======== MATERIAL FOR THIS EXERCISE ========
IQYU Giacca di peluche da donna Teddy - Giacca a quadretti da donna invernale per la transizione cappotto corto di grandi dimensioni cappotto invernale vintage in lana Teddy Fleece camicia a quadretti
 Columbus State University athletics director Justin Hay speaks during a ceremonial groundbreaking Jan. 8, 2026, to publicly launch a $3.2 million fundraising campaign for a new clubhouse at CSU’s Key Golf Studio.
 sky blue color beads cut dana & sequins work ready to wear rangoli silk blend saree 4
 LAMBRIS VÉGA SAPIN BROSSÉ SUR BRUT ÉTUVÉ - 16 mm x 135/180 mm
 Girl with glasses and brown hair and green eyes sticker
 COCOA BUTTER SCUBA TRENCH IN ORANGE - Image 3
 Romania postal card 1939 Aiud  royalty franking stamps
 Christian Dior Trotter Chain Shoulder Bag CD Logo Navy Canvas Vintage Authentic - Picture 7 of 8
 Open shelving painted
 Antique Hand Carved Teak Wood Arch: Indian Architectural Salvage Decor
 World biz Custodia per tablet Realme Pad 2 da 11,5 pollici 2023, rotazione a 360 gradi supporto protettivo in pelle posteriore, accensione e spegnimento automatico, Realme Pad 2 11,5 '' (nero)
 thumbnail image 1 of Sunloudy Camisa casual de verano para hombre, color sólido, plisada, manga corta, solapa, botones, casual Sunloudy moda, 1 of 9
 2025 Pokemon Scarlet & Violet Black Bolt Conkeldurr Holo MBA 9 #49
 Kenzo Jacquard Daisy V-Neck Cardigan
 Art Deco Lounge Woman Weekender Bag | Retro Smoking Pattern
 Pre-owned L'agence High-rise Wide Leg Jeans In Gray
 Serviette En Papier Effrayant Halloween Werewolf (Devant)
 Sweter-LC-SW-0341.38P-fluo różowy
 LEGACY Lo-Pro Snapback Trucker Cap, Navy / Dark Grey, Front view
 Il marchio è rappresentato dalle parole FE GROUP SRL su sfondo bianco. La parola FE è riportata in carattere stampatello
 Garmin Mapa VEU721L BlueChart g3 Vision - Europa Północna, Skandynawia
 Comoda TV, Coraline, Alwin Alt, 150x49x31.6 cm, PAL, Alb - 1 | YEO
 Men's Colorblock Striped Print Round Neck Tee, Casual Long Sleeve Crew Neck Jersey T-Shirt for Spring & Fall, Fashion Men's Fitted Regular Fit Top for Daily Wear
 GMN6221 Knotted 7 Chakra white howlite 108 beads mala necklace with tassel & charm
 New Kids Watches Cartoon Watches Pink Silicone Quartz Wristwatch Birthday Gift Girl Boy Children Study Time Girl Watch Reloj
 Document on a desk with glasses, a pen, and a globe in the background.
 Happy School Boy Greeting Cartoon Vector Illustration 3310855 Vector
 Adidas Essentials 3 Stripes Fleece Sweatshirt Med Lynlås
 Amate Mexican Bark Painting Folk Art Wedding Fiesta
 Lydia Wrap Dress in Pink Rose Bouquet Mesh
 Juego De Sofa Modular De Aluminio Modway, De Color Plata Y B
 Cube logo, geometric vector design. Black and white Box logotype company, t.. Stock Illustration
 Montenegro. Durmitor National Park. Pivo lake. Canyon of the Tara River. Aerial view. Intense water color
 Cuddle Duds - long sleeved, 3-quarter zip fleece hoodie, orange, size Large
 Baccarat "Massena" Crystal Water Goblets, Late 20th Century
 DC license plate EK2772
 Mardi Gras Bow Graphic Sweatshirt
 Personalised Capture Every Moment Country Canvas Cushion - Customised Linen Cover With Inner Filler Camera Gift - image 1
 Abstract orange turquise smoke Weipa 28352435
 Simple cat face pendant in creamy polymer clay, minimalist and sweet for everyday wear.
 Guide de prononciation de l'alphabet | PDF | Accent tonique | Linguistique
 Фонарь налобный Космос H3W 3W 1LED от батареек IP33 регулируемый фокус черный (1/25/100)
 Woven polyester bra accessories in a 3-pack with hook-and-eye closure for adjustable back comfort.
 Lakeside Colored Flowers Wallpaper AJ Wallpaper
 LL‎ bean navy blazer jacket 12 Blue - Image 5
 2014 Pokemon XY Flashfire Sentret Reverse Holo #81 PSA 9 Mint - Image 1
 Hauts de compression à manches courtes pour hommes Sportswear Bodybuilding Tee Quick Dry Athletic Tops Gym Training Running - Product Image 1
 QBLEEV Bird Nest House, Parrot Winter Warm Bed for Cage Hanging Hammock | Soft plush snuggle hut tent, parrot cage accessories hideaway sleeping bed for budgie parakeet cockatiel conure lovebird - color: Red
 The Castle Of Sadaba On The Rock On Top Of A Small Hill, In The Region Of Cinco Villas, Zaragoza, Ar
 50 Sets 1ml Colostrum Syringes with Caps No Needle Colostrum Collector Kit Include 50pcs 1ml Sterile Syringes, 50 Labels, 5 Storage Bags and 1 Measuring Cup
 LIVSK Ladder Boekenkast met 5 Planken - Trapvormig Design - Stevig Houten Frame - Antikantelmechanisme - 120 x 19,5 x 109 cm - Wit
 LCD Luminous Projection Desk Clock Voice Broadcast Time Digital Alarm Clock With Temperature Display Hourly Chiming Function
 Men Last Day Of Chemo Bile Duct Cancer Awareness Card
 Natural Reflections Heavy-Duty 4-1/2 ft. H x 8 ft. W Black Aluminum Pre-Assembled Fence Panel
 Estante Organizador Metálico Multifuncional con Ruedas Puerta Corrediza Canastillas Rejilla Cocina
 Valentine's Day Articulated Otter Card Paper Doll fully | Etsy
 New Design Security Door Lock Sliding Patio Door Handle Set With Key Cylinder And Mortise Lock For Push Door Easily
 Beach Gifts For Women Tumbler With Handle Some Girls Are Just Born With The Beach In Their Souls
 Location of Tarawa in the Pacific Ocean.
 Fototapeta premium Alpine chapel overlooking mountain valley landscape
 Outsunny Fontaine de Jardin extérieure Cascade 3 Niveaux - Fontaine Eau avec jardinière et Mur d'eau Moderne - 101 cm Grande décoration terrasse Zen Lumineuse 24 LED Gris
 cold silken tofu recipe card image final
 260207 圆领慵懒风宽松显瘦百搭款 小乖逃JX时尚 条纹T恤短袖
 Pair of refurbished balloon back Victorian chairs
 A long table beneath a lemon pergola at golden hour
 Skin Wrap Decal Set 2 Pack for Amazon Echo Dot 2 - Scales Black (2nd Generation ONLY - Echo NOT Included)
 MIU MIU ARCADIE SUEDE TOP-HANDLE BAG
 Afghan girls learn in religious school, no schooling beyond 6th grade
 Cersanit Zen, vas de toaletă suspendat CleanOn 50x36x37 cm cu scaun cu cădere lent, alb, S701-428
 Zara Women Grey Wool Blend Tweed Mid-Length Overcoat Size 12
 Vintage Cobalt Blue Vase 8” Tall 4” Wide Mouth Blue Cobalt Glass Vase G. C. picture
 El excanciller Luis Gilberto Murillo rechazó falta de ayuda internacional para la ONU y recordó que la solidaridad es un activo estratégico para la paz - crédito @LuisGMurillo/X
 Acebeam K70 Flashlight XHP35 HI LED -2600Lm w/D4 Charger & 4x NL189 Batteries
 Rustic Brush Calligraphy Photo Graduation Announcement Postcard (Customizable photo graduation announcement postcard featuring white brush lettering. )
========
(TRY IT)
Above are some records; copy exactly the lines from the one with "Kenzo Jacquard Daisy V-Neck Cardigan" through the one with "LEGACY Lo-Pro Snapback", both included, and no others.

(ANSWER BOX)
 Kenzo Jacquard Daisy V-Neck Cardigan
 Art Deco Lounge Woman Weekender Bag | Retro Smoking Pattern
 Pre-owned L'agence High-rise Wide Leg Jeans In Gray
 Serviette En Papier Effrayant Halloween Werewolf (Devant)
 Sweter-LC-SW-0341.38P-fluo różowy
 LEGACY Lo-Pro Snapback Trucker Cap, Navy / Dark Grey, Front view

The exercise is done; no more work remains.